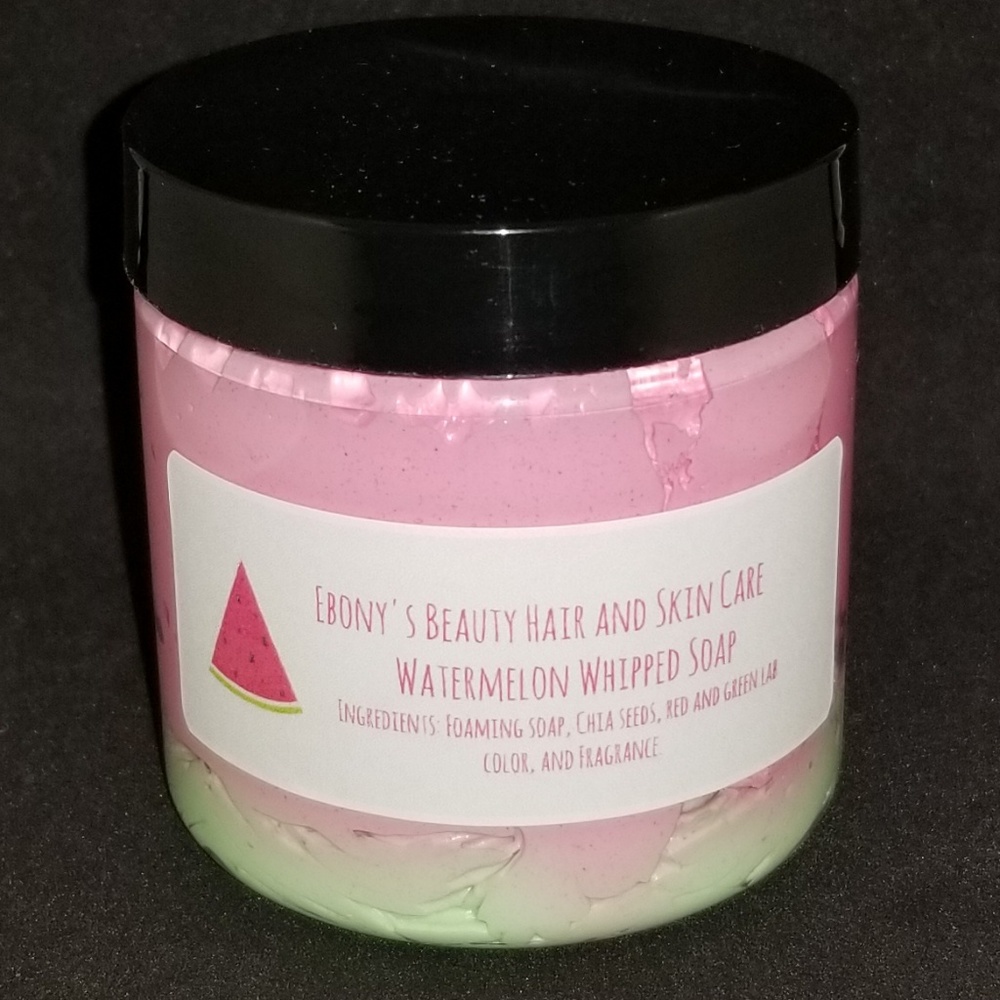 Whipped watermelon foaming soap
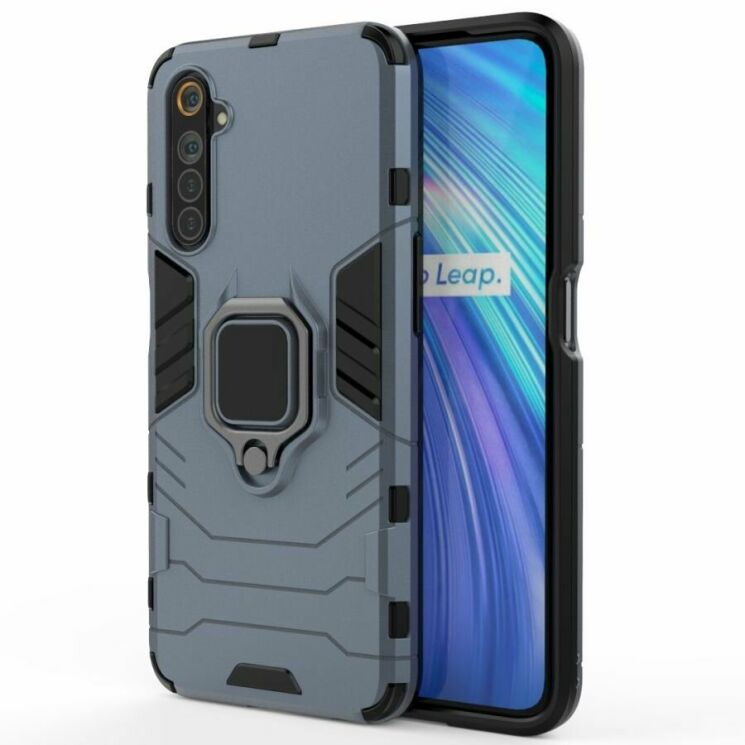 Защитный чехол Deexe Hybrid Case для Realme 6 / 6s - Blue: фото 2 из 8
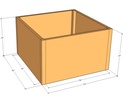 Rectangular planter kit 3'4" x 40" x 24"T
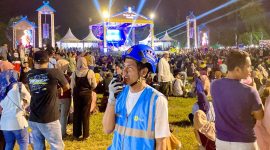 Festival Rimpu Mantika yang menjadi puncak perayaan Hari Ulang Tahun (HUT) ke-23 Kota Bima, Nusa Tenggara Barat. Foto (Humas PLN NTB)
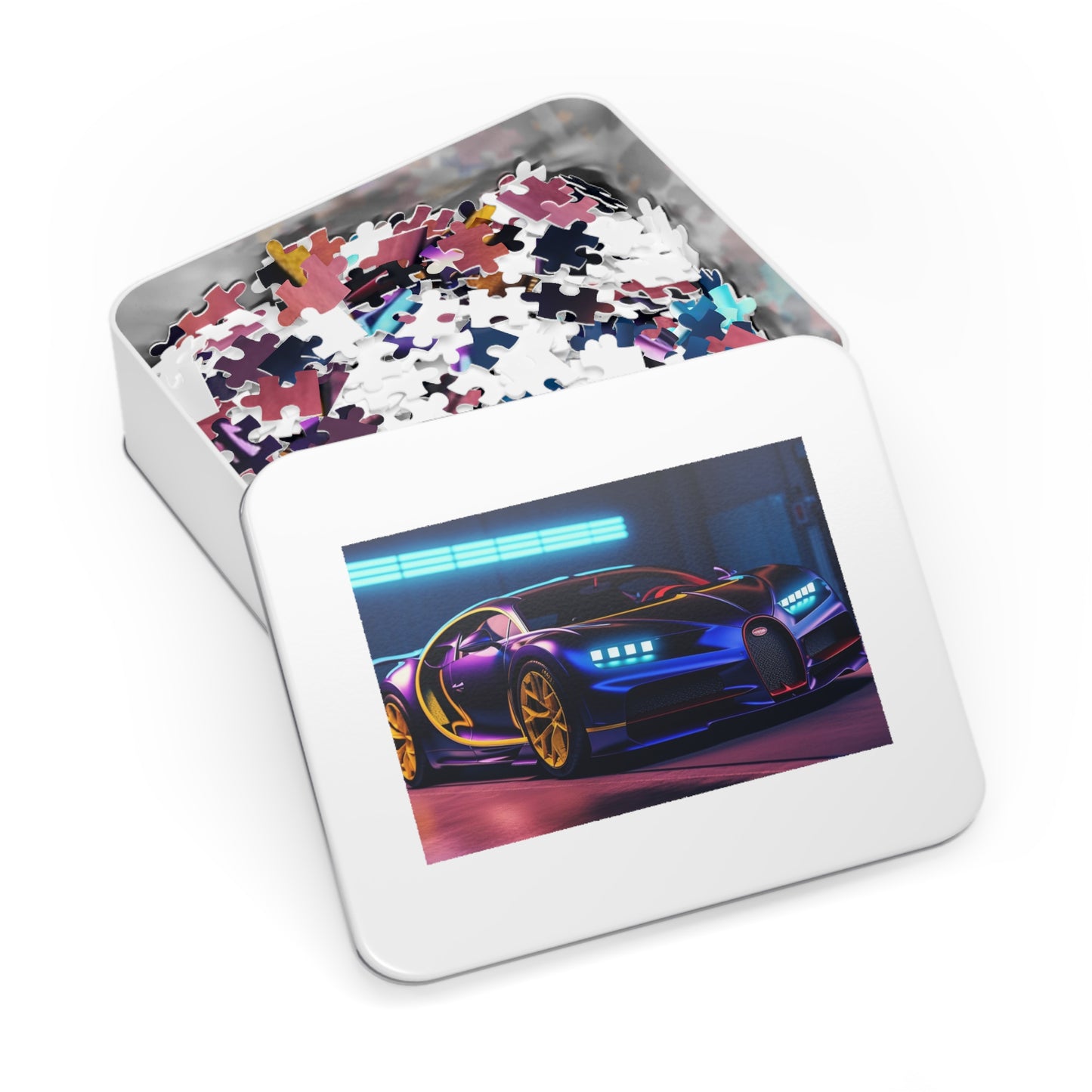 Jigsaw Puzzle (30, 110, 252, 500,1000-Piece) Hyper Bugatti Neon Chiron 4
---*---
> **ABOUT THIS TASK**:
Repeat the data exactly. No pictures should appear.

> **EXERCISE RESULT**:
 Whipped watermelon foaming soap
 Защитный чехол Deexe Hybrid Case для Realme 6 / 6s - Blue: фото 2 из 8
 Rectangular planter kit 3'4" x 40" x 24"T
 Festival Rimpu Mantika yang menjadi puncak perayaan Hari Ulang Tahun (HUT) ke-23 Kota Bima, Nusa Tenggara Barat. Foto (Humas PLN NTB)
 Jigsaw Puzzle (30, 110, 252, 500,1000-Piece) Hyper Bugatti Neon Chiron 4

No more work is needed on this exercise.